Leitbild fördert Erhalt und Wandel
Konkret handelt es sich beim „Zwischenstand“ um ein ausgearbeitetes Leitbild mit vier Eckpunkten. Zum einen soll die soziale Infrastruktur im Stadtteil gleichermaßen gesichert wie ausgebaut werden. Das betrifft etwa den Erhalt bestehender Vereine im nördlichen Bereich des Geländes aber auch die Schaffung neuer Flächen für Kitas oder Schulen. Die Bodenproben seien angesichts der Größe bislang eher grobmaschig ausgefallen, erklärt Ehrbeck auf Nachfrage von Stadträtin Andrea Jessen (SPD). Sobald aber feststehe, wo genau der Bau von Kitas oder Sportflächen geplant sei, würden weitere Untersuchungen des Geländes folgen.
Zweitens sieht das Leitbild vor, durch ein neues Stadtquartier zusätzliche Wohnungsangebote zu schaffen und Arbeitsplätze anzusiedeln. Hierfür soll auch eine Umnutzung denkmalgeschützter Gebäude stattfinden. Was die Art der Wohnbebauung angeht, stehe zumindest fest, „dass es sich um einen Mix handeln soll“, so Ehrbeck.
Da sich manche Teile des Areals über die Jahre hinweg zu „unberührter Wildnis“ verwandelt haben, sind Klima und Ökologie laut Ehrbeck ebenfalls bedeutende Gesichtspunkte.
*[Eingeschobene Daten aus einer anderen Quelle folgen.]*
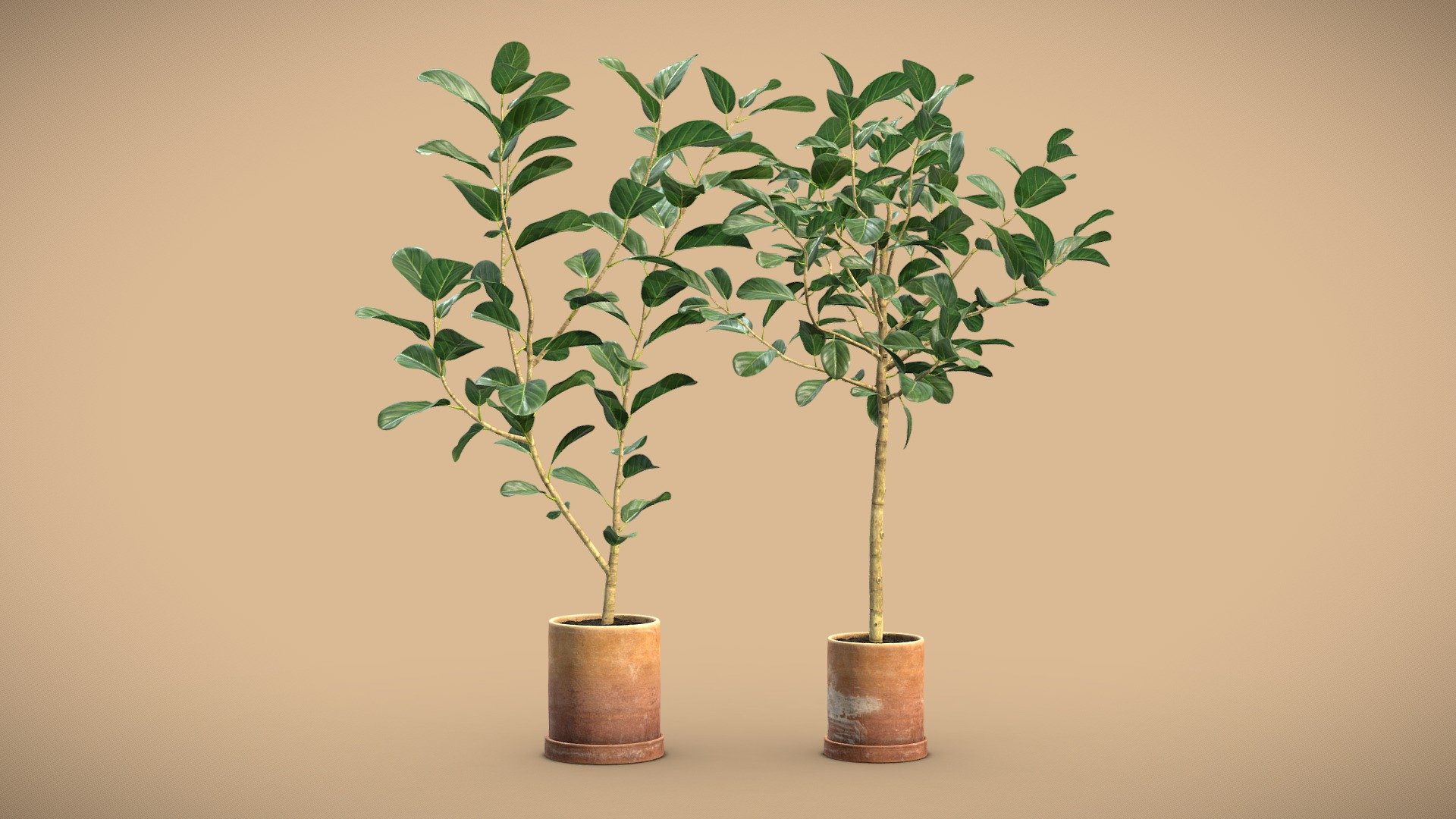 Ficus Audrey Benghalensis 02
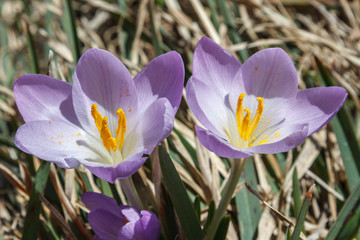 Fototapeta premium Crocus nudiflorus. Flores de Azafrán Silvestre. 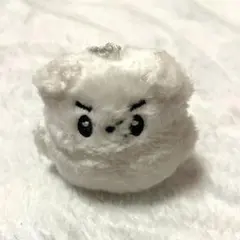 2026年最新】THEBOYZ ヨンフン ぬいぐるみの人気アイテム - メルカリ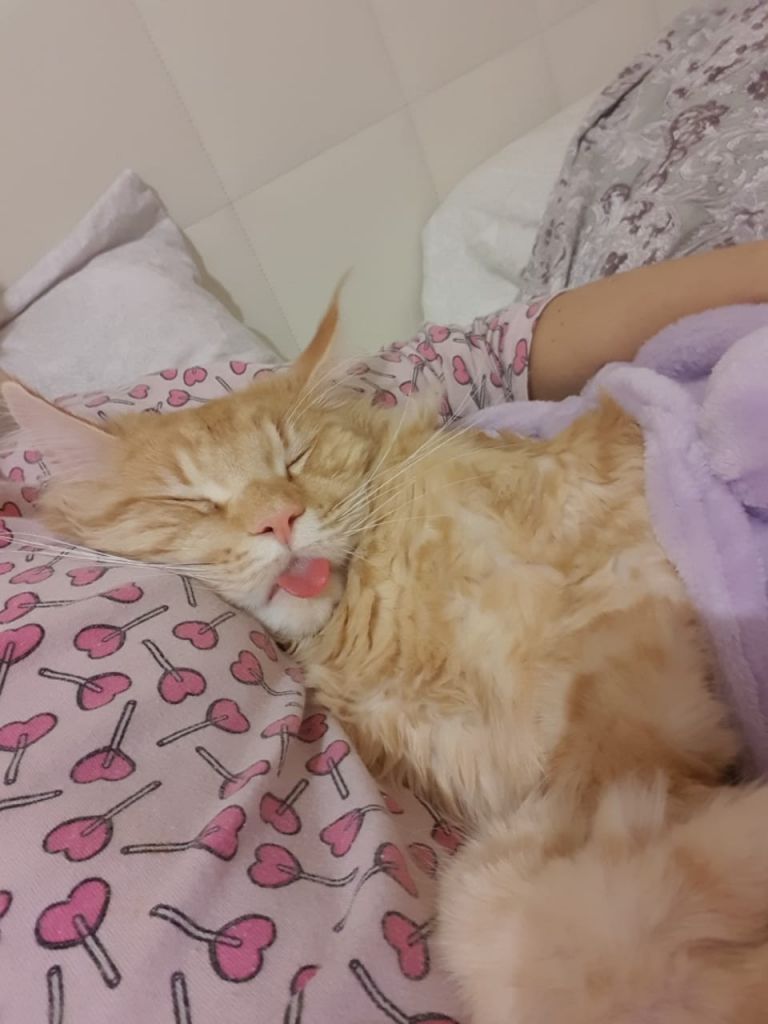 Кот мейн-кун Пончик (23)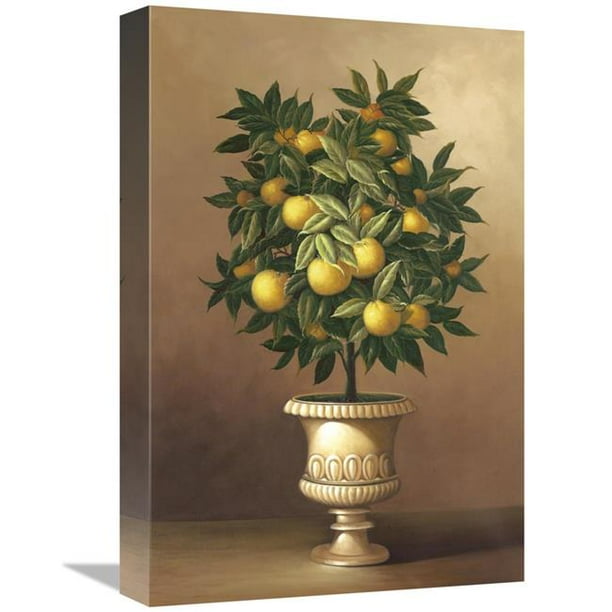 12 X 18 In Potted Orange Tree Art Print Welby Walmart Com Walmart Com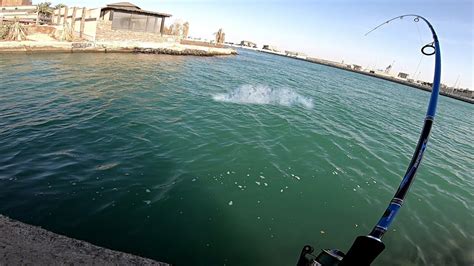 صيد السمك كاستنج جدة السعودية حداق لفاح البحر الاحمر Fishing Jeddah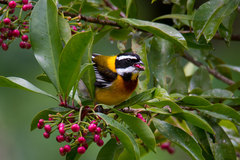 Spindalis dominicensis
Insbesondere im Norden will man den Wald weitgehend unberührt lassen und die dortigen Biotope sichern. Im östlichen Teil dagegen sind neben der Option Walderhalt auch eine Sportanlage oder Freifläche mit Freizeitwert denkbar.
Saint Gobain will Areal nicht komplett verkaufen
Auch die bessere Stadtteilverbindung ist nach wie vor ein wichtiger Eckpunkt. Realisiert werden soll die Verbindung durch einen Park zwischen Luzenberg und Waldhof-West, ebenso soll das Altrheinufer aufgewertet werden. Das sei zwar größtenteils im Besitz des Mannheimer Hafens, räumt Ehrbeck ein, als sich Bezirksbeirätin Pia Becker (Grüne) nach dem Gestaltungsspielraum beim Altrheinufer erkundigt. Was die Landseite betreffe, schätze Ehrbeck den Hafen aber als „relativ entspannt“ ein.
Abgesehen von den städtebaulichen Eckpunkten, bleibt auch die industrielle Rolle Saint Gobains wichtig. Das Unternehmen möchte das Areal nämlich nicht komplett verkaufen, sondern vier Hektar für die Neuansiedlung einer Tochterfirma im Bereich modularer Holzbau nutzen.
Unter den Bezirksbeiräten findet das Leitbild großen Anklang. Insgesamt lassen sich die meisten Anliegen aus einem Beteiligungsworkshop im vergangenen Jahr auch im Leitbild wiederfinden, bemerkt Thomas Seitz (Freie Wähler ML) positiv. Pia Becker freut sich besonders über das völlig naturbelassene Waldstück, während sich Stadtrat Stefan Höß (SPD) vor allem für die Berücksichtigung von Kindergärten und Schulen dankbar zeigt.
Der Schutz von Industriedenkmälern dagegen ist seiner Meinung nach noch nicht ausreichend bedacht. „Immerhin hat keine andere Firma so eine Tradition für den Industriestandort Mannheim wie Saint Gobain“, bemerkt Höß.
Kritisch äußert sich auch Jürgen Kurtz, Sprecher der Bürgerinitiative Waldhof-West: „Die Vernichtung von Waldfläche an der östlichen Seite werden wir so nicht mittragen“, verkündet er.
Wie sich die Planung auf Grundlage des Leitbilds fortsetzt, hängt weiterhin von den Gesprächen der Stadt mit Saint Gobain ab. Dass die Firma die Fläche mit Ausnahme der vier Hektar abtreten will, steht laut Ehrbeck außer Frage – spannend ist nur, zu welchem Preis. Ziel ist es daher, den Wert des Grundstücks noch in diesem Jahr zu ermitteln und entsprechende Verhandlungen zu führen.